PRE- EMERGENCE HERBICIDES AND MULCHES AFFECT WEED FLORA AND MARKETABLE YIELD OF CHILI CROP

Chili (Capsicum annum L.) is an economically important vegetable and spice crop of Pakistan (Khan et al., 2006). Chili fruit is available in variety of colors and shapes (Cronin, 2002). In Pakistan, Chili is grown over 73800 hectares, with a national average of 2.5 tons ha-1 (Anonymous, 2014). Chili is an important cash crop of Pakistan (Naz et al., 2006). The Chili is also desired for its peculiar and nutrient content, especially vitamin C, A and E. (Rude et al., 2006). Chili plants are erect in nature that allow ample space for weeds emergence. The weeds compete for nutrients, sunlight, moisture and space that may result in yield losses as high as 60-70% (Patel et al., 2004) or even higher (Prakash et al., 2003, Shil and Adhikary, 2014).
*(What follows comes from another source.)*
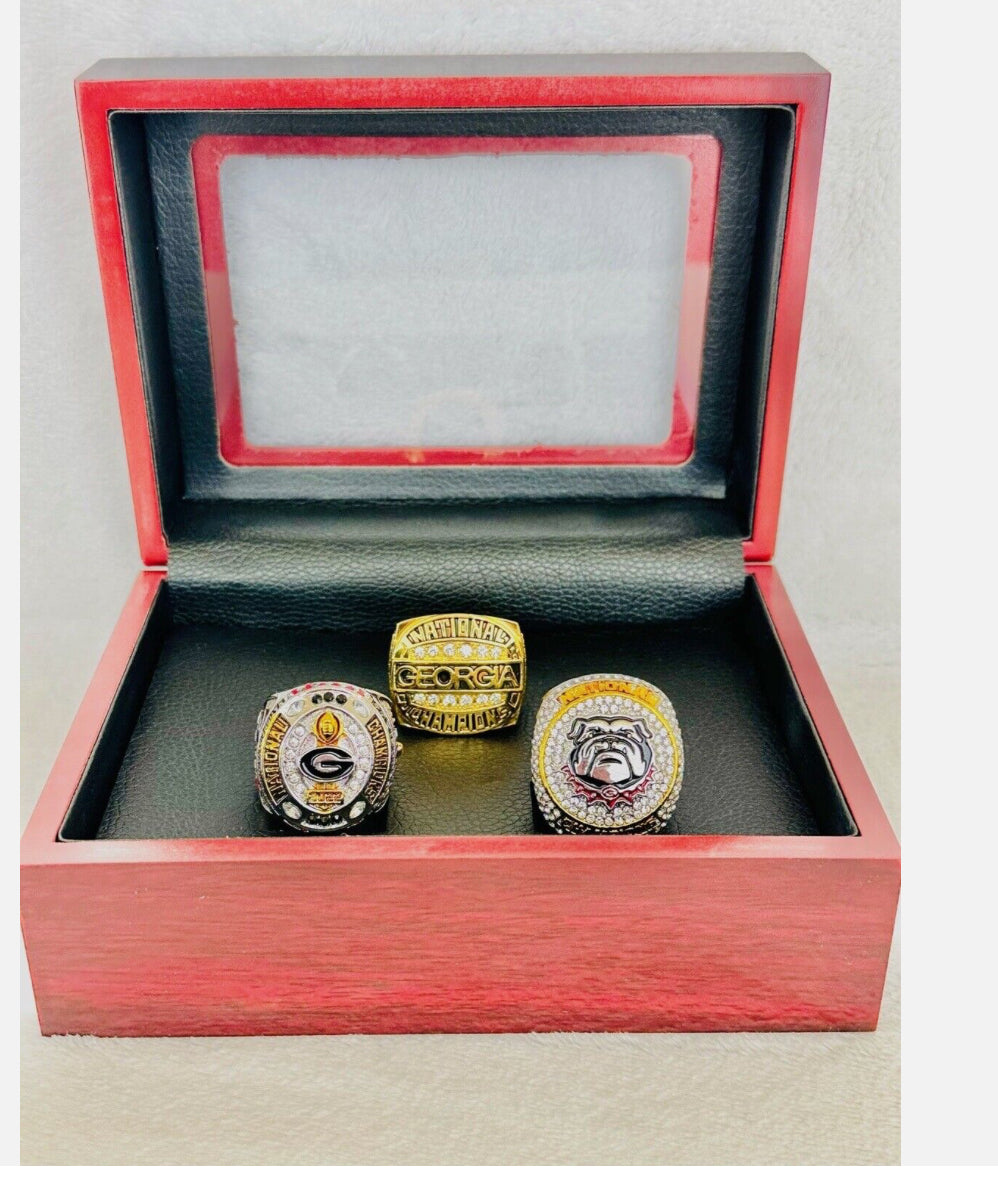 UGA 3 of Championship Ring Set
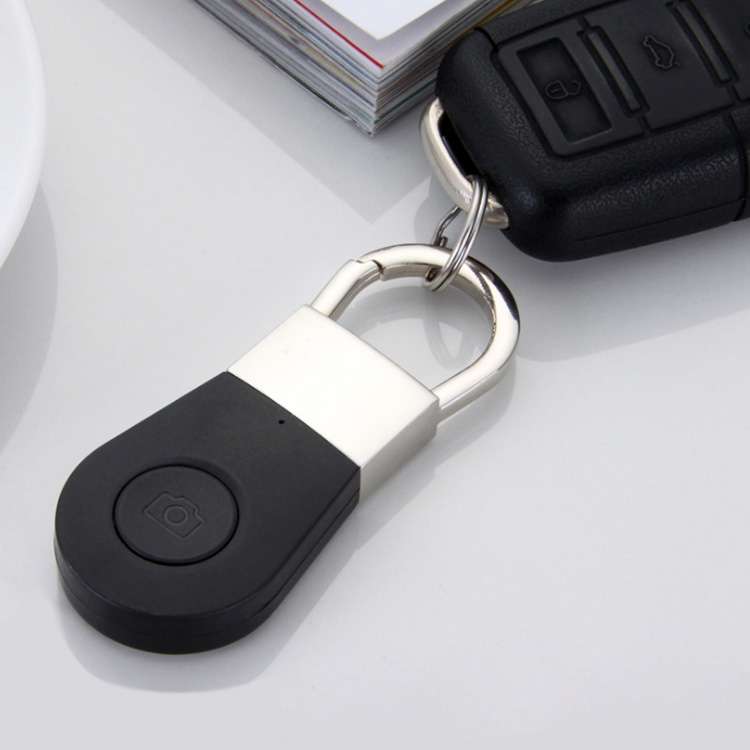 R2 Smart Wireless Bluetooth V4.0 Tracker Finder Key Buckle Anti- lost Alarm Locator Tracker(Black)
The young chili seedlings, generally, grow slowly as compared to weed species that decrease the supply of nutrients, moisture, sunlight and space foe the chili crop (Isik et al., 2009). Whereas, hand weeding has been an effective method to eradicate weeds, it is limited by labor availability, cost and time and labor required (Gul et al., 2011). Thus, chemical weed control is a viable option to minimize infestation by the weeds (Shil and Adhikary, 2014). The post- emergence herbicides are less desirable due to their phytotixic effects and health hazards concerns (Jat et al. 2011). Thus, pre emergent herbicides are, commonly, used to control the weeds at early stages of crop development. (Rajkumara, 2009).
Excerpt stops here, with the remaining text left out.